## EXERCISE DESCRIPTION
Could the listing below be reproduced exactly, minus its pictures?

## TASK MATERIAL
::::

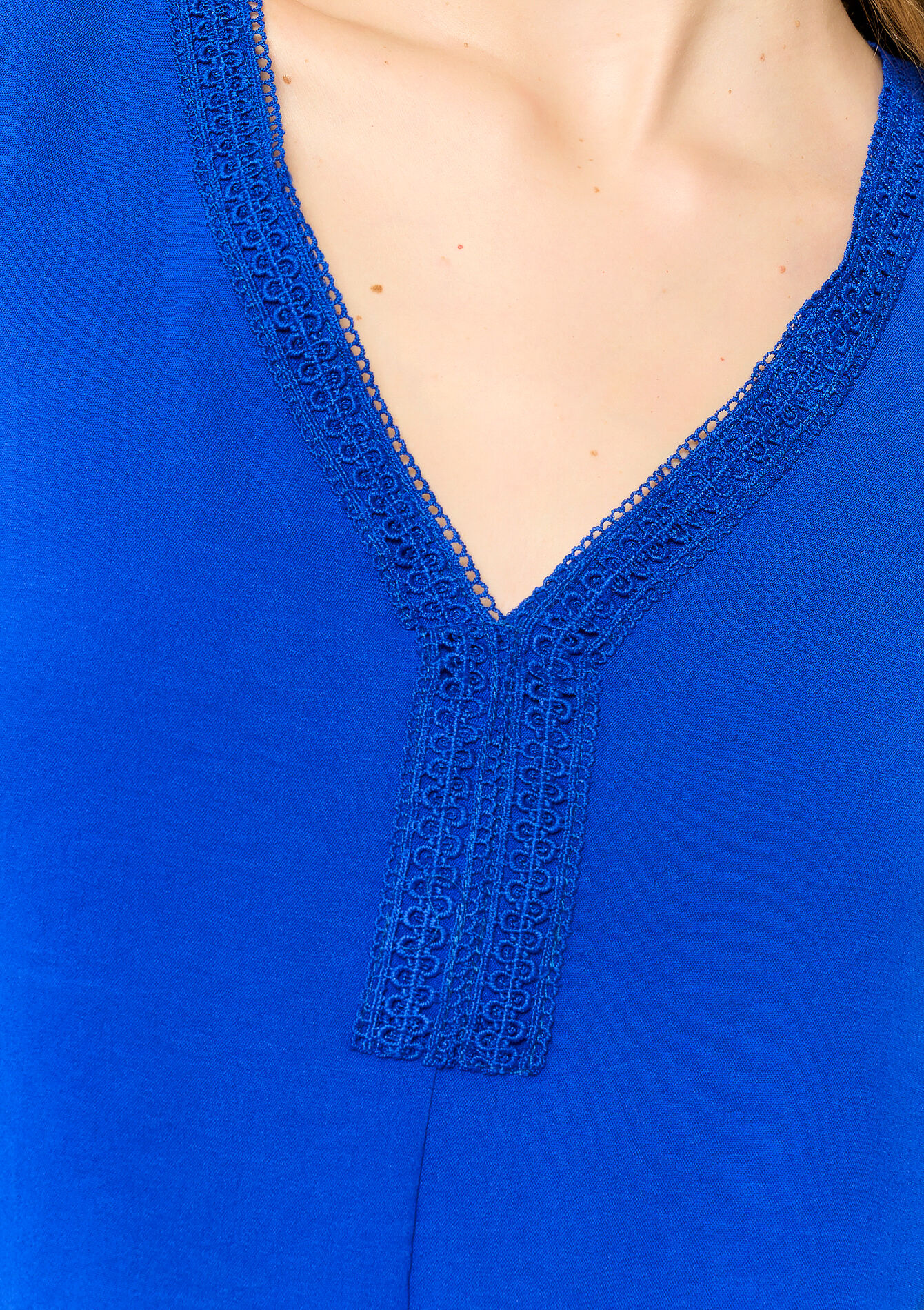 Top with V-neck - ELECTRIC BLUE - 02200445_1619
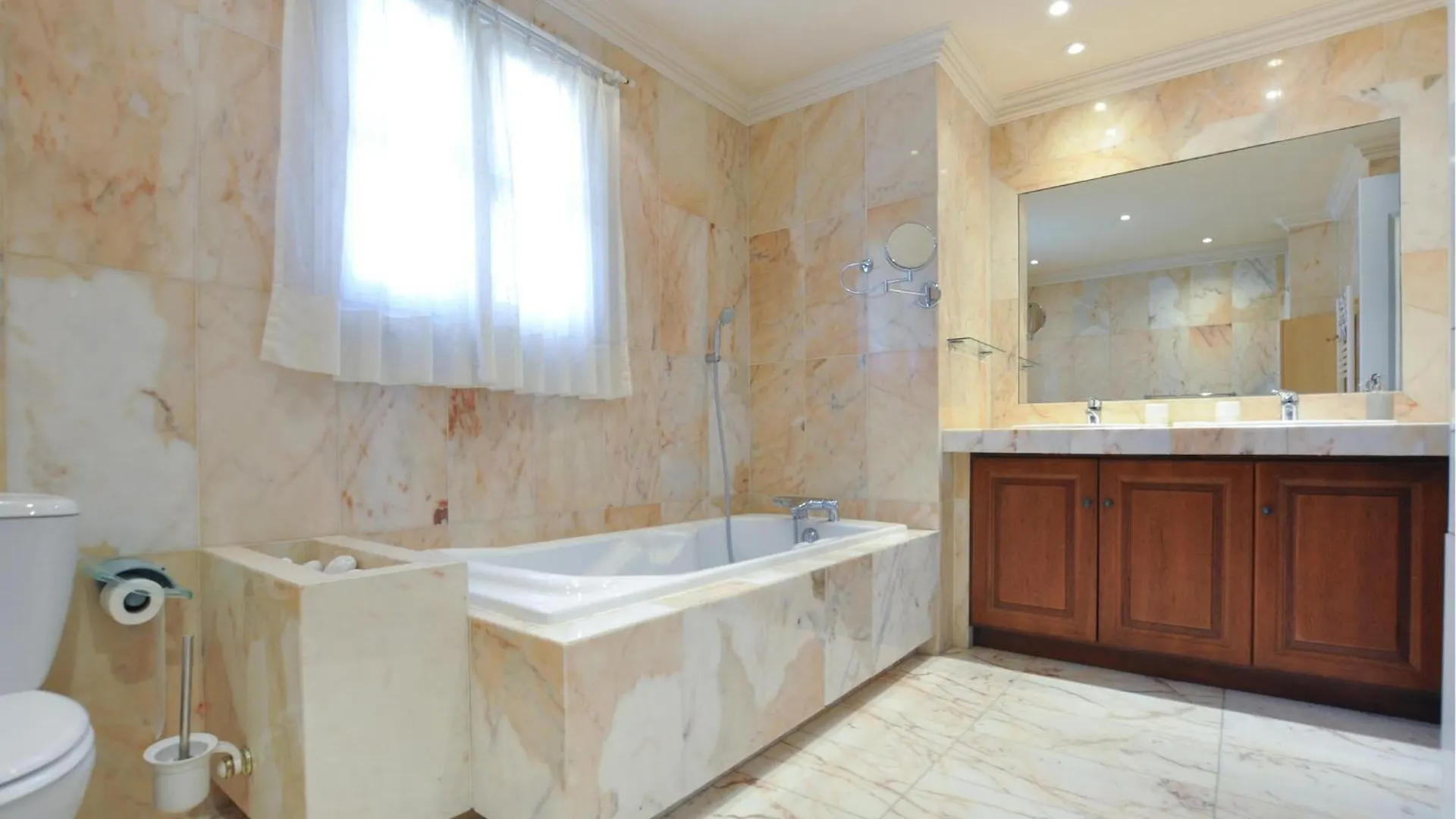 Beautiful Home In Mougins With Kitchen 0*,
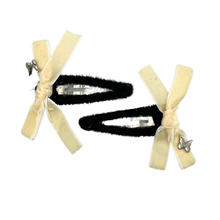 Load image into Gallery viewer, Velvet Bow Snap Clip Set - Ivory/Black
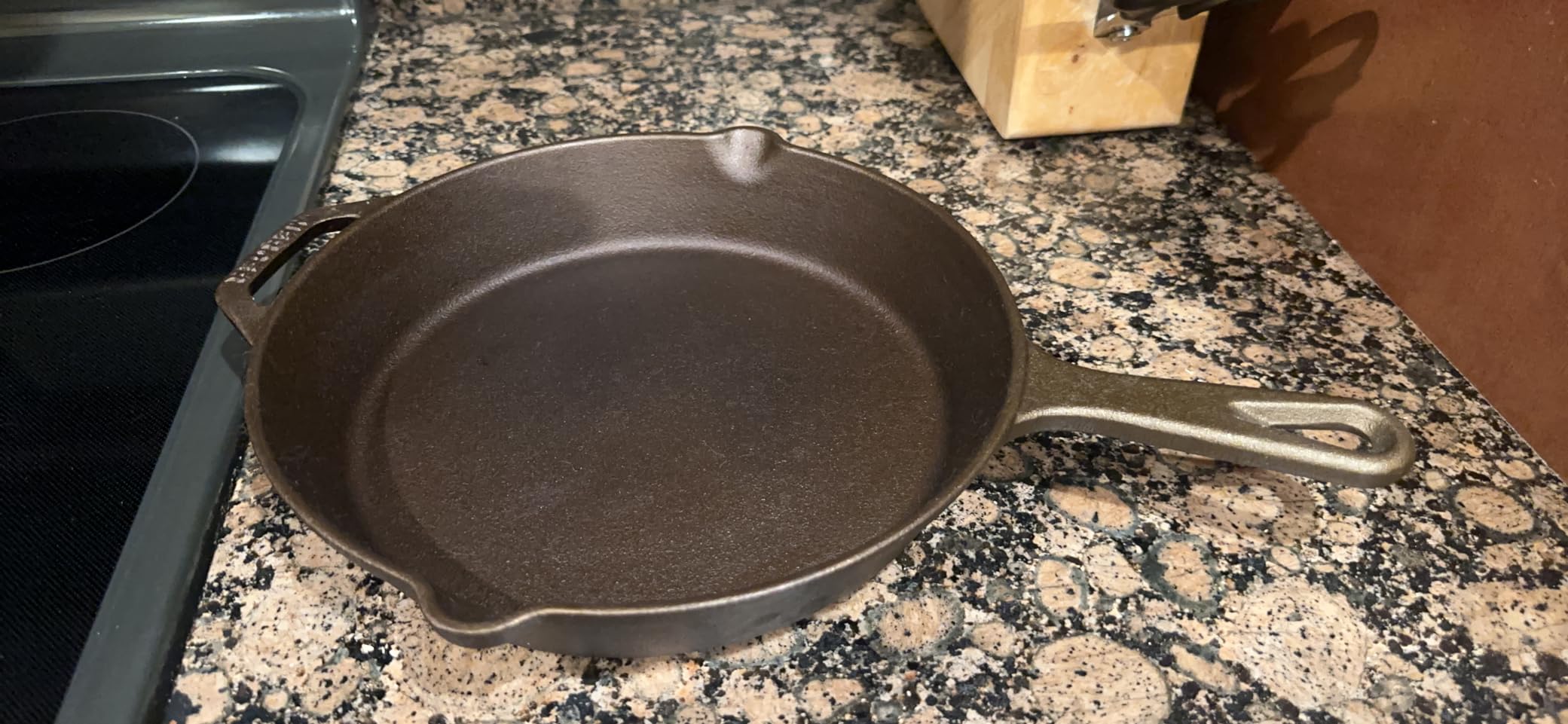 Mercer Culinary Pre-Seasoned Cast Iron Skillet, 12-Inch customer photo 1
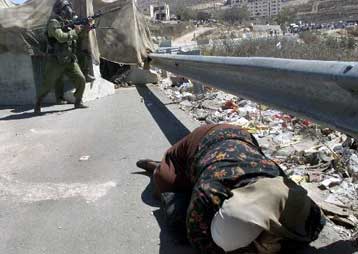 Με πλαστικές σφαίρες αντιμετώπισε διαδηλωτές φοιτητές ο ισραηλινός στρατός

::::

## OUTPUT BELOW
 Top with V-neck - ELECTRIC BLUE - 02200445_1619
 Beautiful Home In Mougins With Kitchen 0*,
 Load image into Gallery viewer, Velvet Bow Snap Clip Set - Ivory/Black
 Mercer Culinary Pre-Seasoned Cast Iron Skillet, 12-Inch customer photo 1
 Με πλαστικές σφαίρες αντιμετώπισε διαδηλωτές φοιτητές ο ισραηλινός στρατός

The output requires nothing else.